本申请实施例还提供一种服务端设备,包括:处理器和存储器;存储器,用于存储计算机程序;处理器与存储器耦合,用于执行计算机程序,以用于:接收拾音设备发送的多个音频片段;提取多个音频片段对应的声纹特征,根据多个音频片段的时长和声纹特征,对多个音频片段进行分层次聚类,以得到对应同一发言人的音频片段;为对应同一发言人的音频片段添加相同的用户标记,以得到添加用户标记的音频信号。
本申请实施例还提供一种存储有计算机程序的计算机可读存储介质,当计算机程序被处理器执行时,致使处理器实现本申请实施例提供的各方法中的步骤。
本申请实施例还提供一种计算机程序产品,包括计算机程序/指令,当所述计算机程序/指令被处理器执行时,致使处理器实现本申请实施例提供的各方法中的步骤。
在本申请实施例中,针对多人发言场景的音频信号,先基于发言人变更点将音频信号切为多个音频片段,再根据多个音频片段的时长和声纹特征,对多个音频片段进行分层次聚类,识别出对应同一发言人的音频片段并添加用户标记。其中,不再单纯利用声纹特征进行聚类,而是结合了音频片段的时长和声纹特征进行分层次聚类,分层次聚类可以先对声纹特征更加稳定的音频片段进行聚类,相比于同时对所有音频片段进行聚类,分层次聚类可以减少声纹特征不稳定的音频片段带来的误差,能够更加准确地识别同一发言人对应的音频片段,提高识别的效率,用户标记结果更加准确。
附图说明
此处所说明的附图用来提供对本申请的进一步理解,构成本申请的一部分,本申请的示意性实施例及其说明用于解释本申请,并不构成对本申请的不当限定。

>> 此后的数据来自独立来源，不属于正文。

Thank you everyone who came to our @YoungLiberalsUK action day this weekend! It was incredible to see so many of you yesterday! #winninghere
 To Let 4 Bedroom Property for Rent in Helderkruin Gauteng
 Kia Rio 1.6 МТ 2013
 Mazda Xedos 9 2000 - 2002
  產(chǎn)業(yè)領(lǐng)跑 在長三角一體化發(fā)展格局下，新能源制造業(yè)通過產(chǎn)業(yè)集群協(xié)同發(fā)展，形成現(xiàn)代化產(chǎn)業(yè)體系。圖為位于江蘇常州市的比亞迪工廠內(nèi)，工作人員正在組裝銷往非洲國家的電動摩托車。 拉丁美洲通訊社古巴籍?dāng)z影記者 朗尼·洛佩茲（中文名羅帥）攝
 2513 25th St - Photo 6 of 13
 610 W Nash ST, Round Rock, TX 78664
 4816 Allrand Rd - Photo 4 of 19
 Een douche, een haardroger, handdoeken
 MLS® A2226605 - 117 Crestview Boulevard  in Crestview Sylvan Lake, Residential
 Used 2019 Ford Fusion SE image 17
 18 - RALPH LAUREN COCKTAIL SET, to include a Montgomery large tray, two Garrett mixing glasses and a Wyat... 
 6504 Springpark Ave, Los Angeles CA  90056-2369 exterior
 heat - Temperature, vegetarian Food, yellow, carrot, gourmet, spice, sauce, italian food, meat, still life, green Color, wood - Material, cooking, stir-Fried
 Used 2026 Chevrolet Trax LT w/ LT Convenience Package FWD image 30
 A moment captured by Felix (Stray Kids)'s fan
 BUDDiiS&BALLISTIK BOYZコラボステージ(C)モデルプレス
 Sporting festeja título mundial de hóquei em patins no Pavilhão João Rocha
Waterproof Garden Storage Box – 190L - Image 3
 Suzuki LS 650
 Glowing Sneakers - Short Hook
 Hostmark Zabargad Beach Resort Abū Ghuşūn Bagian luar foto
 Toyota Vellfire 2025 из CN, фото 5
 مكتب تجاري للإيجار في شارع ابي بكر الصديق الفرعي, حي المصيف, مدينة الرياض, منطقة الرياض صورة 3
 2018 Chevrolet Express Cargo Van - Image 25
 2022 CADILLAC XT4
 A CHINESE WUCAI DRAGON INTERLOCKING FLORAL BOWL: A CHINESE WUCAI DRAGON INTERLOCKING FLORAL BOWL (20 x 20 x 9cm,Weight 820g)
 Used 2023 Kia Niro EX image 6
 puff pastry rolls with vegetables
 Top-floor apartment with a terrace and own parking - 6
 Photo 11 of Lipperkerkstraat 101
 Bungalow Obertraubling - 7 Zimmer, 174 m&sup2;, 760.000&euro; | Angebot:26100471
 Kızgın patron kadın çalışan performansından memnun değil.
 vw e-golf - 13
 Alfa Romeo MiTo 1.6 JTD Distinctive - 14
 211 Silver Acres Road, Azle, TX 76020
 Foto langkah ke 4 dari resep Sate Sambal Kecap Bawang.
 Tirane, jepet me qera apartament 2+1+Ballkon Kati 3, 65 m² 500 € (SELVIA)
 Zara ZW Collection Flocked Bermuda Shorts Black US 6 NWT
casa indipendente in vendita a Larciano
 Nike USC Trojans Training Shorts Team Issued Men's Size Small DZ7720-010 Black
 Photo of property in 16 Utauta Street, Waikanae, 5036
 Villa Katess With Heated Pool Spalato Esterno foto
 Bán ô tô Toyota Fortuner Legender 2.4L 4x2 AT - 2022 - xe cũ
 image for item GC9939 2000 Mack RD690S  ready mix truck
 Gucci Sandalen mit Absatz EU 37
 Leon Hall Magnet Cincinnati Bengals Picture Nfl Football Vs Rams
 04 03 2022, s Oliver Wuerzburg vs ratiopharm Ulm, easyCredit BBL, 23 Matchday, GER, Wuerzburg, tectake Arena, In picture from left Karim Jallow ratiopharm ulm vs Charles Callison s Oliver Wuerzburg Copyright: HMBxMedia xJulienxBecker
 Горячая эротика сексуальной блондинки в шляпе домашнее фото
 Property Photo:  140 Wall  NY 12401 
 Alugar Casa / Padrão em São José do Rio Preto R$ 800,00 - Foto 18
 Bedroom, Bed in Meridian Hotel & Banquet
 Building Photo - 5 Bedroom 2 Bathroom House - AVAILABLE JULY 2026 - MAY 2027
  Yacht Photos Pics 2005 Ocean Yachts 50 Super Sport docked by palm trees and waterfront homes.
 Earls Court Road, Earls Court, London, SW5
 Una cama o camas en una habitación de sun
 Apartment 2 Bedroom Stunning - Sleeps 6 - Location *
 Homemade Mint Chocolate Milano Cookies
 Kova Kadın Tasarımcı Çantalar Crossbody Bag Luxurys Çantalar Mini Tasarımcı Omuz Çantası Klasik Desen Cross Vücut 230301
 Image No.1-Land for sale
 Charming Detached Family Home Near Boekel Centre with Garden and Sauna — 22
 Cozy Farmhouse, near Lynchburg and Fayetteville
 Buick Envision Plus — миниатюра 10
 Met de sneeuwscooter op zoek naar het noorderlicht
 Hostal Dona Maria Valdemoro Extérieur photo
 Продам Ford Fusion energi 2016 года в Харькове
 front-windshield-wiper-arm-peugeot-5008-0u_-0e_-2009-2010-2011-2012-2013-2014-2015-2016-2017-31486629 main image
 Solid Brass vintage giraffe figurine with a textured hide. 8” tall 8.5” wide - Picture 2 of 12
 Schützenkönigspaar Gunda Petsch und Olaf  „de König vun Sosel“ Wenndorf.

在附图中:
图1a为本申请示例性实施例提供的一种音频信号处理方法的流程示意图;
图1b为本申请示例性实施例提供的另一种音频信号处理方法的流程示意图;
图1c为本申请示例性实施例提供的又一种音频信号处理方法的流程示意图;
图2a为对每层中的音频片段进行聚类的示意图;
图2b为对每层中的音频片段进行聚类的示意图;
图2c为对第一层中的音频片段进行聚类的示意图;
图3a为拾音设备在多人会议场景下的使用状态示意图;
图3b为拾音设备在商务合作商谈场景下的使用状态示意图;
图3c为拾音设备在教学场景下的使用状态示意图;
图3d为本申请示例性实施例提供的一种会议记录方法的流程示意图;
图3e为本申请示例性实施例提供的一种会议记录呈现方法的流程示意图;
图4a为本申请示例性实施例提供的一种音频处理系统的结构示意图;
图4b为本申请示例性实施例提供的另一种音频处理系统的结构示意图;
图5为本申请示例性实施例提供的一种拾音设备的结构示意图;
图6为本申请示例性实施例提供的一种服务端设备的结构示意图。
具体实施方式
为使本申请的目的、技术方案和优点更加清楚,下面将结合本申请具体实施例及相应的附图对本申请技术方案进行清楚、完整地描述。显然,所描述的实施例仅是本申请一部分实施例,而不是全部的实施例。基于本申请中的实施例,本领域普通技术人员在没有做出创造性劳动前提下所获得的所有其他实施例,都属于本申请保护的范围。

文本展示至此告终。